Iran says it will abandon nuclear talks, as hardline president takes office

Iranian ultraconservative cleric and presidential candidate Ebrahim Raisi casts his ballot for presidential election, in Tehran, on June 18, 2021. (Photo by ATTA KENARE / AFP) (Photo by ATTA KENARE/AFP via Getty Images)
June 21, 2021

Iran’s newly elected hardline president, Ebrahim Raisi, said in his first press conference on Monday that he will not allow negotiations to take place on the country’s contested missile program, which includes long-range ballistic missiles capable of carrying a nuclear warhead. He also said that he will not agree to any future meetings with President Joe Biden.

Raisi, a former chief justice who authorized the murder of thousands of dissidents, also said Iran will not agree to any new nuclear agreement without the Biden administration first unilaterally lifting all economic sanctions on the country. The country also announced during the weekend that it is likely to abandon negotiations with the United States in the near future.

Raisi’s comments, his first since winning an election Friday that was widely seen as rigged, are a sign the president intends to take a more hardline approach to diplomacy with America. The Biden administration is engaged in talks with the Islamic Republic in Vienna and had hoped a new deal would be finalized before the election. Raisi's rise to power is likely to complicate these efforts, particularly in light of his decision to take the ballistic missile portfolio off the table.

"We urge the U.S. Government to live up to its commitment to this agreement. Regional and missile issues are not negotiable," he said in comments carried by the country’s state-controlled press. "An issue has been negotiated and agreed upon, and a contract has been concluded, and they have committed to it but have not acted on it. Now, how do they want to negotiate new topics?"

The Biden administration, like the Trump administration before it, is hoping to impose restrictions on Iran’s construction of missiles that could be used as part of its nuclear weapons program. The 2015 nuclear accord did not address the issue, and Iran has since undertaken efforts to build more sophisticated mid- and long-range missiles.

Raisi said there will be no agreement with the United States until it lifts all of the sanctions imposed by the former administration. While the Biden State Department has already unwound a range of sanctions on Iran, including those on its regional terrorism enterprise, Raisi is demanding much more.

"My strong suggestion to the U.S. government is to act promptly to lift all sanctions and show that they are honest by lifting all sanctions," he said. Raisi also instructed European powers involved in the negotiations to "not be influenced by American pressure."

Meanwhile, Iranian deputy foreign minister Abbas Araghchi, who is helming negotiations in Vienna, said on Sunday that no deal will be signed without a firm guarantee from the United States that sanctions are never reimposed. This demand is not likely to be fulfilled, however, as Republican hawks in Congress pursue a range of efforts to maintain sanctions and prevent the Biden administration from lifting any more. Lawmakers in the House and Senate are currently investigating the State Department’s recent decision to lift sanctions, which they say was done without congressional consultation.

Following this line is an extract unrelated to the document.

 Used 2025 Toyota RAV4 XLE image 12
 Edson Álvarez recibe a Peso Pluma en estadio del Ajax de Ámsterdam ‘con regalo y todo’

"We need to achieve guarantees to make sure that what the former U.S. administration did, in terms of reimposing the sanctions and the [nuclear deal] exit, would not take place again," Araghchi was quoted as saying. "One of our serious discussions in these negotiations is to make sure that the U.S. action in leaving [the deal] would not be repeated."

Without these guarantees, he added, "our return to the [accord] would be impossible to us."